ABBOTT: Software for Windows?

COSTELLO: No. On the computer! I need something I can use to write
proposals, track expenses and run my business. What have you got?

ABBOTT: Office.

COSTELLO: Yeah, for my office. Can you recommend anything?

ABBOTT: I just did.

COSTELLO: You just did what?

ABBOTT: Recommend something.

COSTELLO: You recommended something?

ABBOTT: Yes.

COSTELLO: For my office?

ABBOTT: Yes.

COSTELLO: OK, what did you recommend for my office?

ABBOTT: Office.

COSTELLO: Yes, for my office!

ABBOTT: I recommend Office with Windows.

COSTELLO: I already have an office and it has windows! OK, lets just say,
I'm sitting at my computer and I want to type a my proposal. What do I
need?

ABBOTT: Word.

COSTELLO: What word?

ABBOTT: Word in Office.

COSTELLO: The only word in office is office.

ABBOTT: The Word in Office for Windows.

COSTELLO: Which word in office for windows?

ABBOTT: The Word you get when you click the blue "W."

COSTELLO: I'm going to click your blue "W" if you don't start with some
straight answers. OK, forget that. Can I watch movies on the Internet?

ABBOTT: Yes, you want Real One.

COSTELLO: Maybe a real one, maybe a cartoon. What I watch is none of your
business. Just tell me what I need!

ABBOTT: Real One.

COSTELLO: If its a long movie I also want to see reel 2. 3 & 4. Can I watch
them?

ABBOTT: Of course.

COSTELLO: Great, with what?

ABBOTT: Real One.

COSTELLO; OK, I'm at my computer and I want to watch a movie.
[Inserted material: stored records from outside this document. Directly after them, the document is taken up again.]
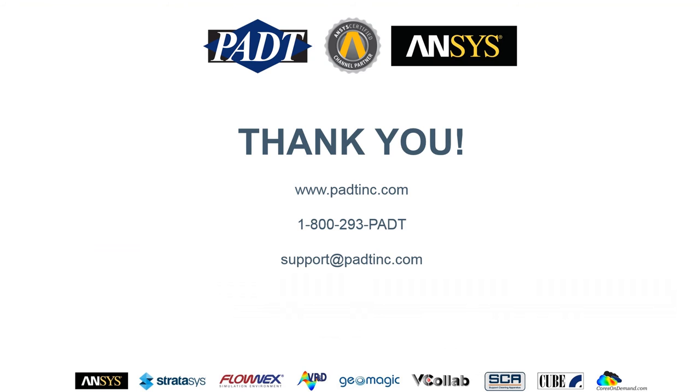Thank you for watching this video. If you have any questions, you can jump on our website at padtinc.com or give us a call at 1-800-293-PADT or send us an email at support@padtinc.com.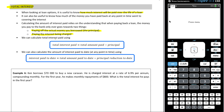We calculate the total interest being paid using the following: what you do to figure out the total interest paid is take the total amount that you have paid and subtract the principal. When we calculate the amount of interest paid to date at any point in time, the interest paid to date will be the total amount paid to date minus the principal reduction to that date.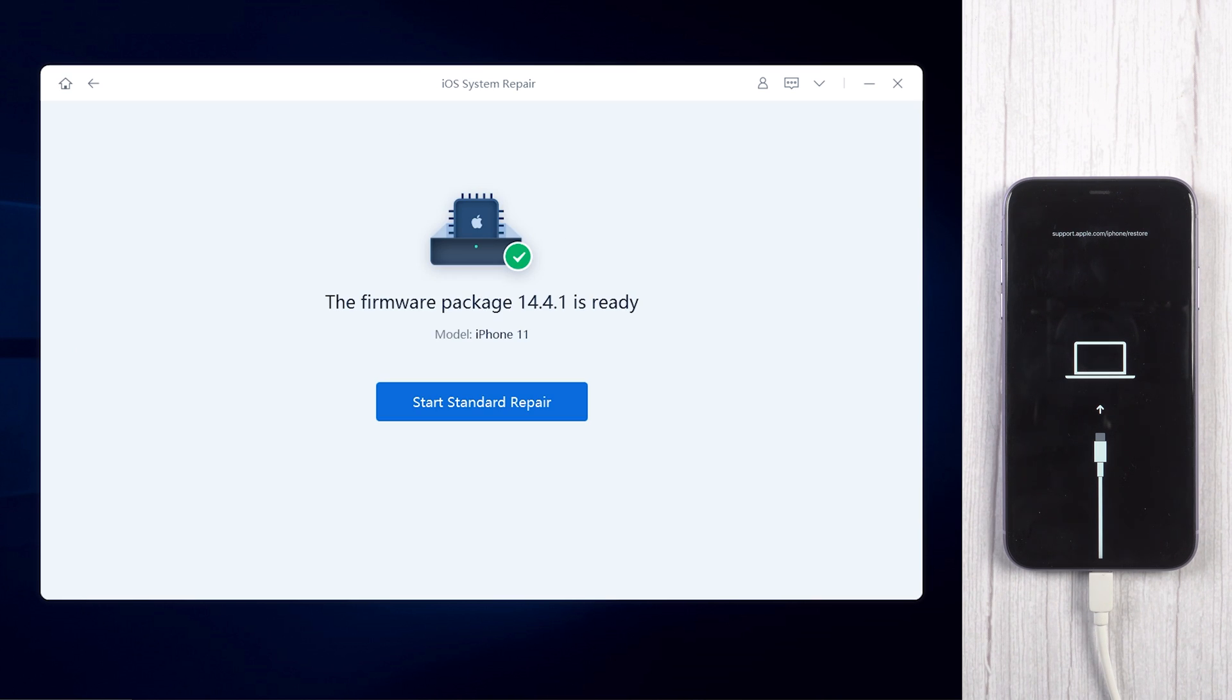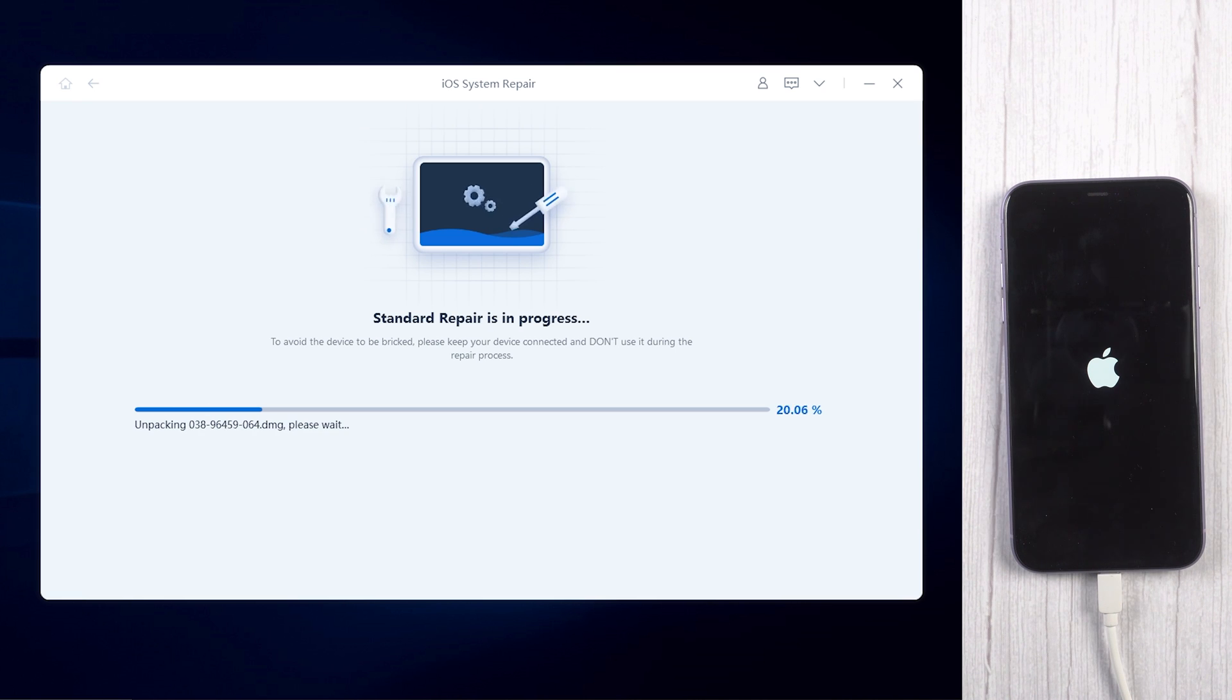When the download is finished, tap start standard repair. It will spend about 10 minutes to run the process.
What do I do?

ABBOTT: You click the blue "1."

COSTELLO: I click the blue one what?

ABBOTT: The blue "1."

COSTELLO: Is that different from the blue "W"?

ABBOTT: The blue "1" is Real One and the blue "W" is Word.

COSTELLO: What word?

ABBOTT: The Word in Office for Windows.

COSTELLO: But there's three words in "office for windows!"

ABBOTT: No, just one.. But it's the most popular Word in the world.

COSTELLO: It is?

ABBOTT: Yes, but to be fair, there aren't many other Words left. It pretty
much wiped out all the other Words out there.

COSTELLO: And that word is real one?

ABBOTT: Real One has nothing to do with Word. Real One isn't even part of
Office.

COSTELLO: Stop! Don't start that again. What about financial bookkeeping,
you have anything I can track my money with?

ABBOTT: Money.

COSTELLO: That's right. What do you have?

ABBOTT: Money.

COSTELLO: I need money to track my money?

ABBOTT: It comes bundled with your computer.

COSTELLO: What's bundled to my computer?

ABBOTT: Money.

COSTELLO: Money comes with my computer?

ABBOTT: Yes. No extra charge.

COSTELLO: I get a bundle of money with my computer? How much?

ABBOTT: One copy.

COSTELLO: Isn't it illegal to copy money?

ABBOTT: Microsoft gave us a license to copy Money.

COSTELLO: They can give you a license to copy money?

ABBOTT: Why not? THEY OWN IT!

COSTELLO: How do I turn my computer off??

ABBOTT: Click on "START".........


----------



## middie (Mar 24, 2005)

i love abbott and costello!!


----------



## wasabi (Mar 24, 2005)




----------



## DampCharcoal (Mar 24, 2005)

LOL! Awesome, Sierra!  That's a great play on the best comedy routine in history!


----------



## SierraCook (Mar 24, 2005)

I am glad that everyone had enjoyed it. A coworker sent it to me and I could not resist sharing it with all my friends here.


----------



## DampCharcoal (Mar 24, 2005)

I have the original "Who's On First" routine on tape somewhere, I have to dig it up now!


----------



## aussie girl (Mar 24, 2005)

You've definately made my day, SierraCook


----------